= DATA SHOWN =

* * *

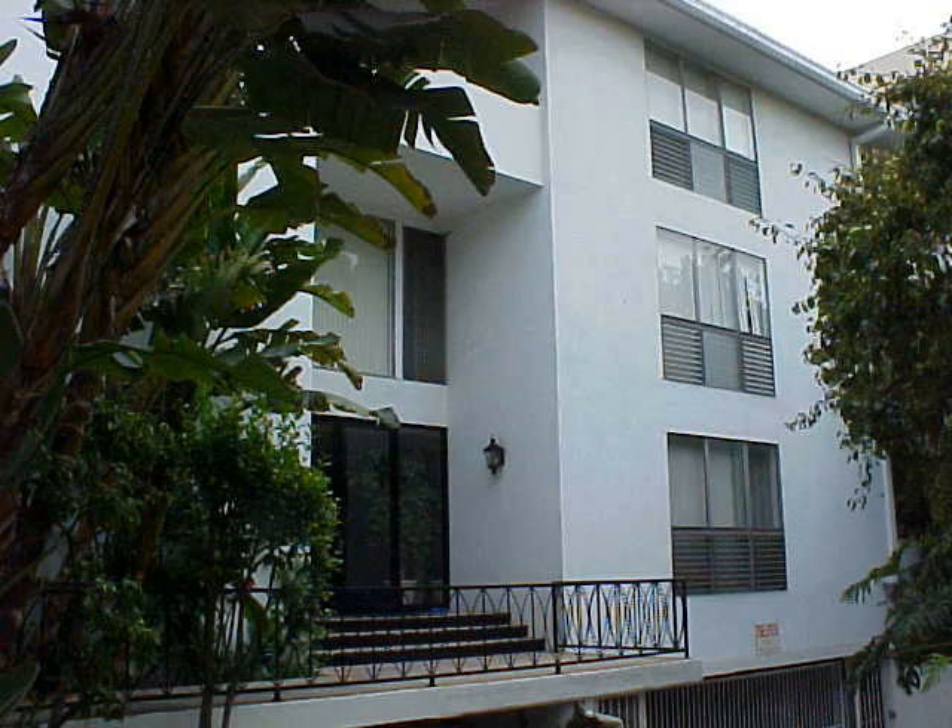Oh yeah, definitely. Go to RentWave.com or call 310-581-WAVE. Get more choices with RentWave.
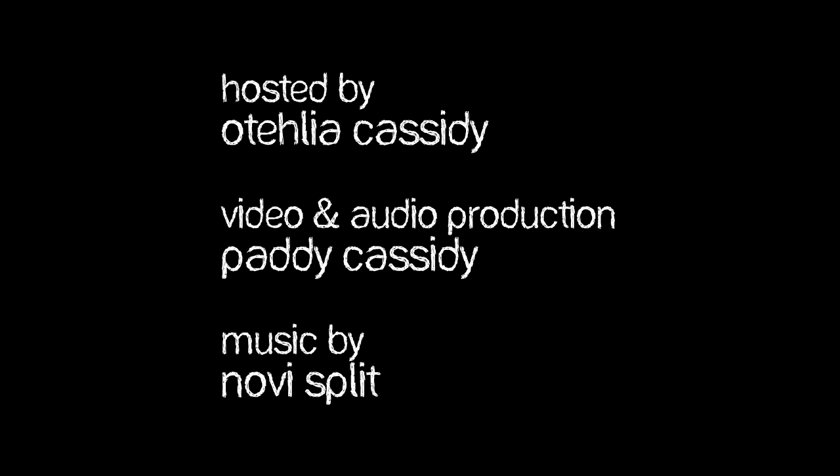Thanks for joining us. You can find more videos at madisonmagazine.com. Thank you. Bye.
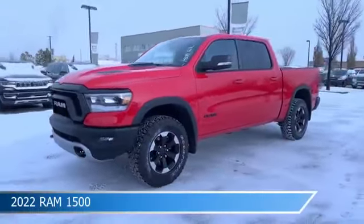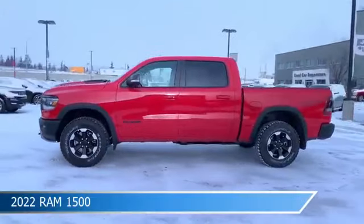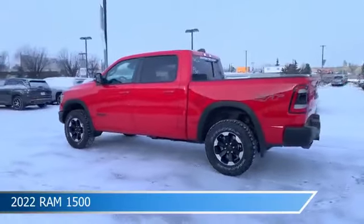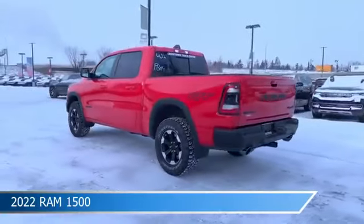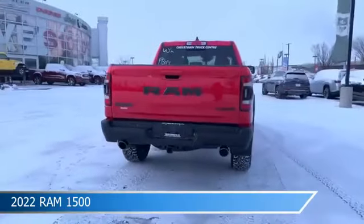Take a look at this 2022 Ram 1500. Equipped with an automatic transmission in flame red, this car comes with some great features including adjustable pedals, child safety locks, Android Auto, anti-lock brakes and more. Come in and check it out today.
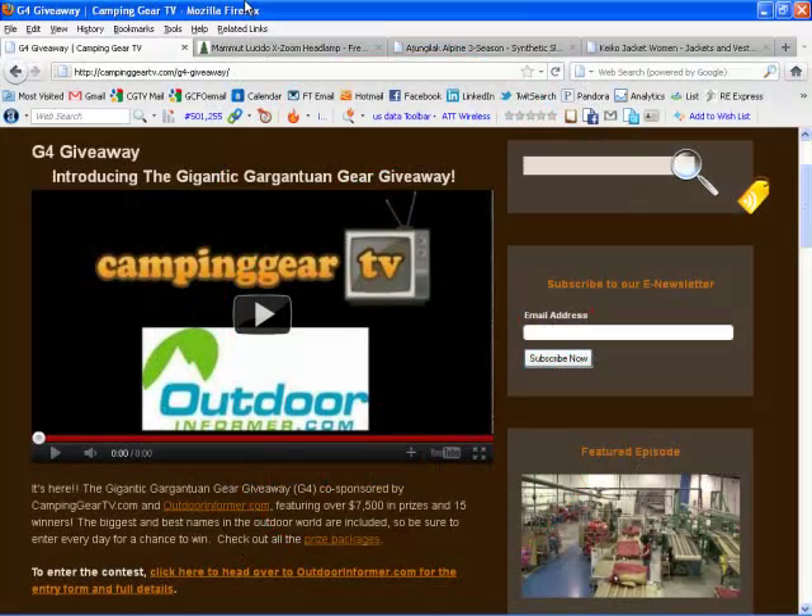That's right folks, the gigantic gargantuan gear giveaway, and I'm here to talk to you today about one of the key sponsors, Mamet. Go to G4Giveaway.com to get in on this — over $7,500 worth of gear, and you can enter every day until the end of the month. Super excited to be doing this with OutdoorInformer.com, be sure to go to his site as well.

* * *

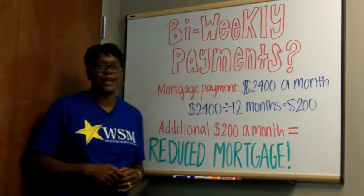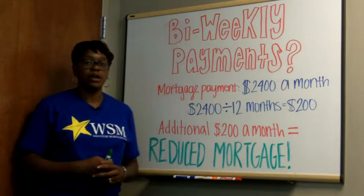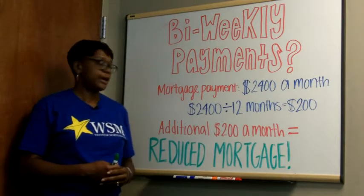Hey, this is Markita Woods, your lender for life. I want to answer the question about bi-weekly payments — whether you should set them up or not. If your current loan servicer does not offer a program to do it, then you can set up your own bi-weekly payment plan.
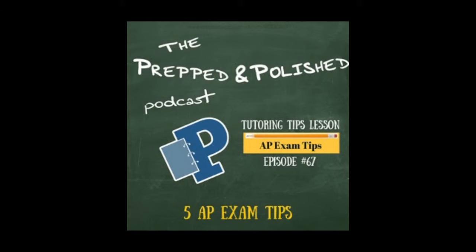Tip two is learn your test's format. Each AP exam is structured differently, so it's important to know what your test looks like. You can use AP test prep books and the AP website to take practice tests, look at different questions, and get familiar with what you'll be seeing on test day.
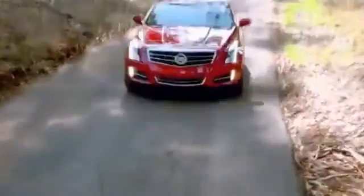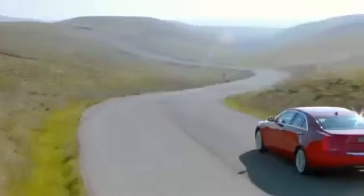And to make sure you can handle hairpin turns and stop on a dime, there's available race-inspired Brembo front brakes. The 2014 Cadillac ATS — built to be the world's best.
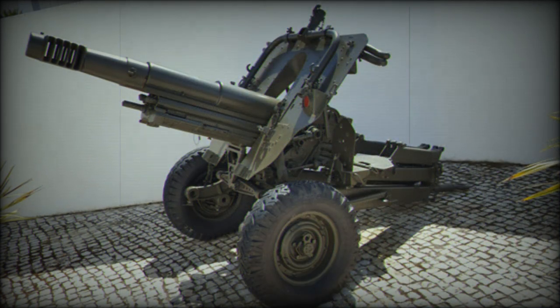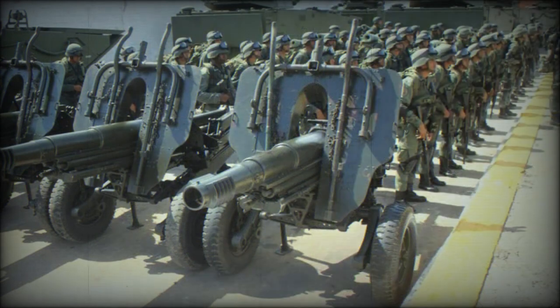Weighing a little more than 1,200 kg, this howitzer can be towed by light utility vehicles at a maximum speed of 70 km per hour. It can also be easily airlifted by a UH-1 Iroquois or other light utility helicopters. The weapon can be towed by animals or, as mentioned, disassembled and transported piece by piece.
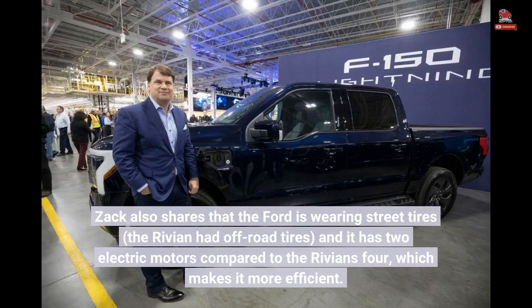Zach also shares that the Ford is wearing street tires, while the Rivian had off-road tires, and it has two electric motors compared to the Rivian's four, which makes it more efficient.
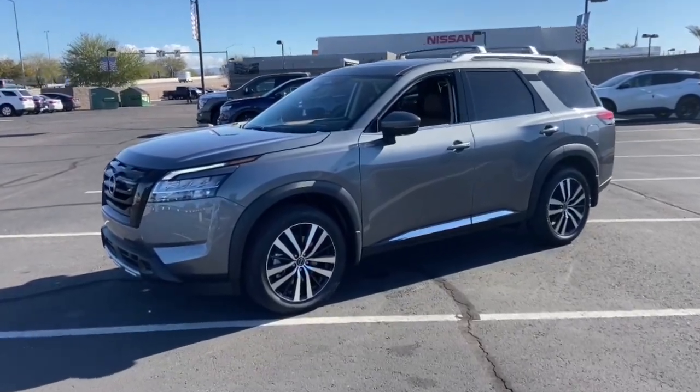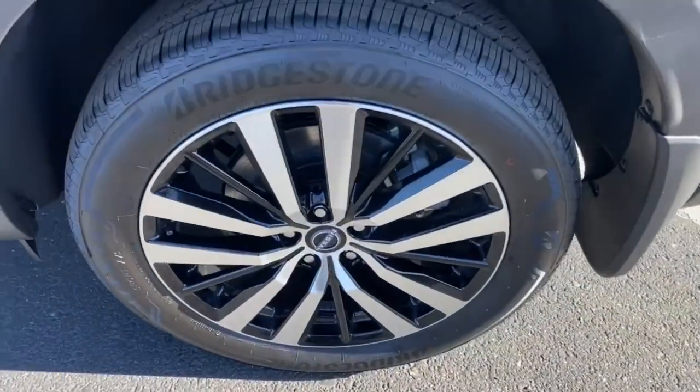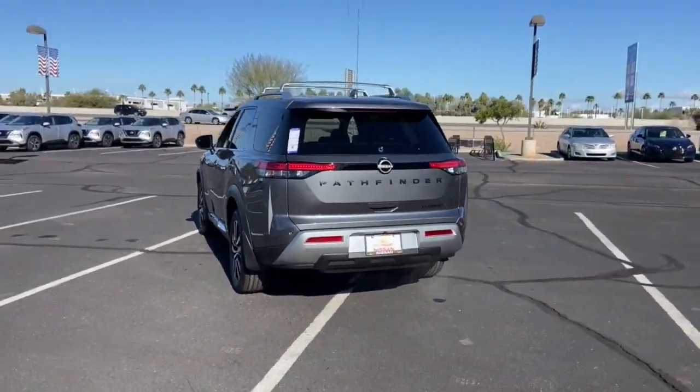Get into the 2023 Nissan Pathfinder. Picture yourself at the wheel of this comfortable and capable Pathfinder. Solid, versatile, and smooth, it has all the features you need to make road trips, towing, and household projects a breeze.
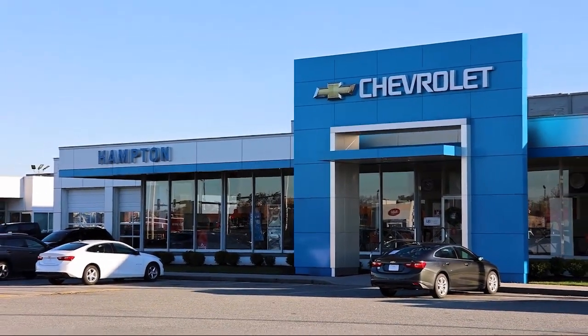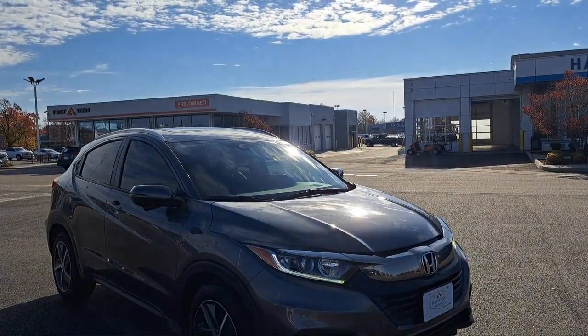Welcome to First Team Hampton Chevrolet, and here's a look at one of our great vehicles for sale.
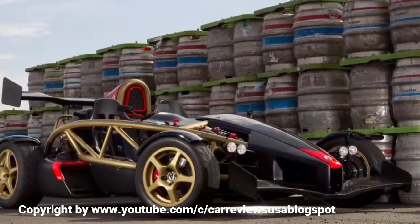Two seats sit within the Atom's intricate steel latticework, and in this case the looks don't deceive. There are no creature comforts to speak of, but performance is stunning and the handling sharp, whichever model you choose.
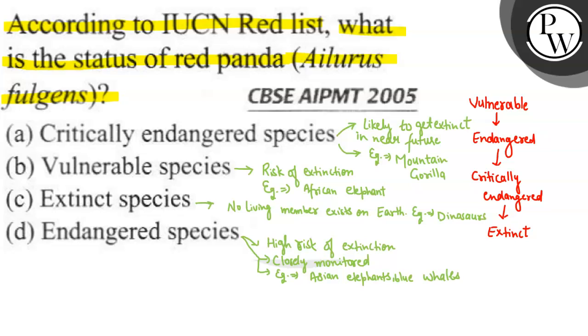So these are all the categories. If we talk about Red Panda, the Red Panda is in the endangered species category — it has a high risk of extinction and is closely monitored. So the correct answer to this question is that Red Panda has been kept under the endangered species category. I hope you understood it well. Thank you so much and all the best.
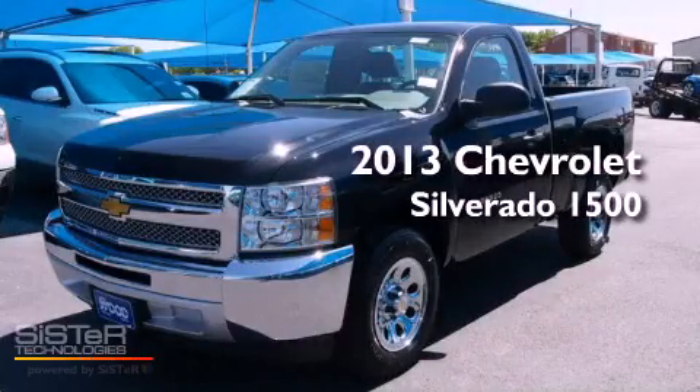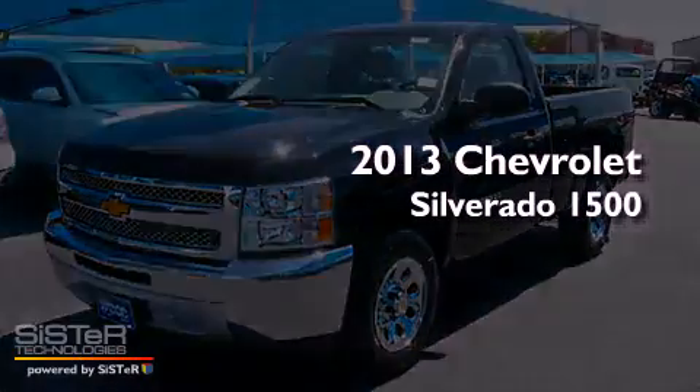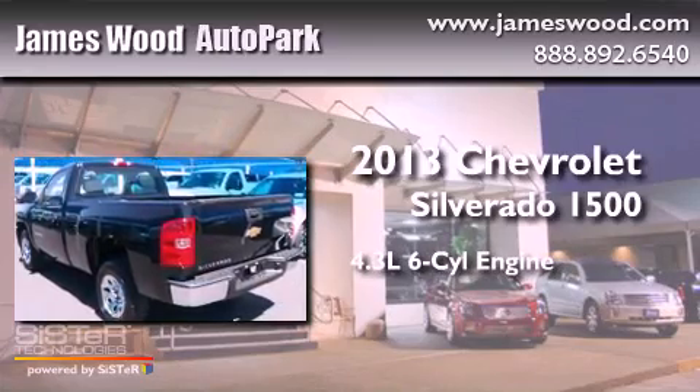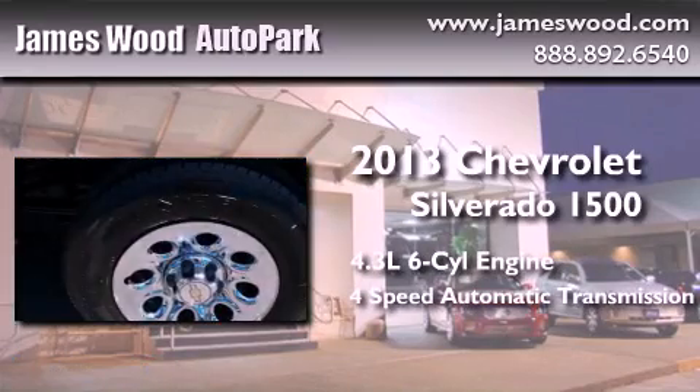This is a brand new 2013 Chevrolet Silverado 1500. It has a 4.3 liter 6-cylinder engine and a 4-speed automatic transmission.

* * *

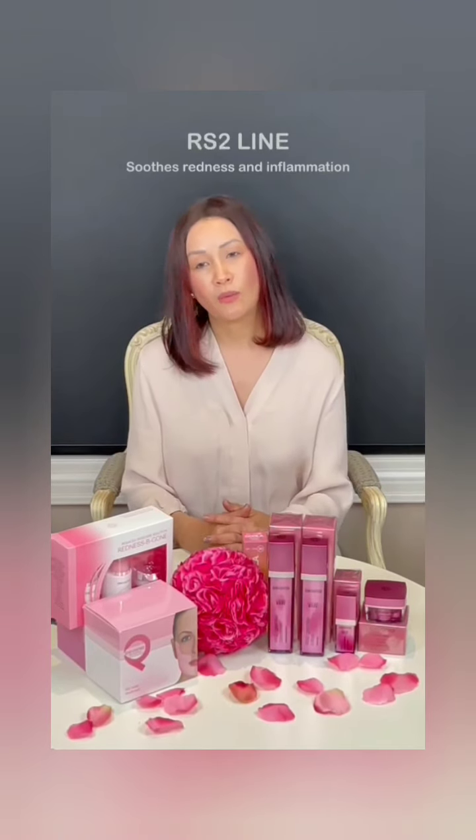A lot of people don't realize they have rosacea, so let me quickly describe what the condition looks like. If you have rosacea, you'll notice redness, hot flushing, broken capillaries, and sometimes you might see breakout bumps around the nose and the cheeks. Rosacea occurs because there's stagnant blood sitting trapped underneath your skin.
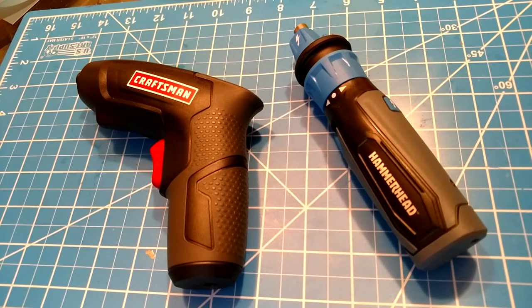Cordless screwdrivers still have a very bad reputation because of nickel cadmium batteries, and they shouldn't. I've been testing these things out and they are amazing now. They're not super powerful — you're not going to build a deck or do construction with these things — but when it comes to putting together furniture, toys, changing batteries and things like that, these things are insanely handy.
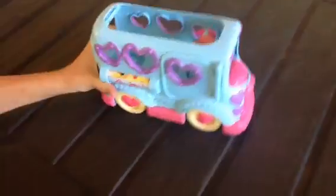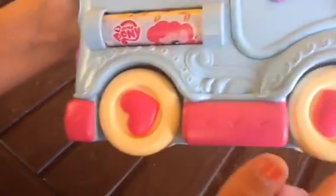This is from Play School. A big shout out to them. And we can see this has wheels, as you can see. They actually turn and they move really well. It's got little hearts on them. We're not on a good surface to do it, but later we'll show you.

* * *

= WORK TO COMPLETE =
Only one part of the material above is wanted: the lines from the one with "A lot of people" up to and including the one with "This is from". Please copy them exactly, pictures left out.

= EXERCISE OUTPUT =
A lot of people don't realize they have rosacea, so let me quickly describe what the condition looks like. If you have rosacea, you'll notice redness, hot flushing, broken capillaries, and sometimes you might see breakout bumps around the nose and the cheeks. Rosacea occurs because there's stagnant blood sitting trapped underneath your skin.
Cordless screwdrivers still have a very bad reputation because of nickel cadmium batteries, and they shouldn't. I've been testing these things out and they are amazing now. They're not super powerful — you're not going to build a deck or do construction with these things — but when it comes to putting together furniture, toys, changing batteries and things like that, these things are insanely handy.
This is from Play School. A big shout out to them. And we can see this has wheels, as you can see. They actually turn and they move really well. It's got little hearts on them. We're not on a good surface to do it, but later we'll show you.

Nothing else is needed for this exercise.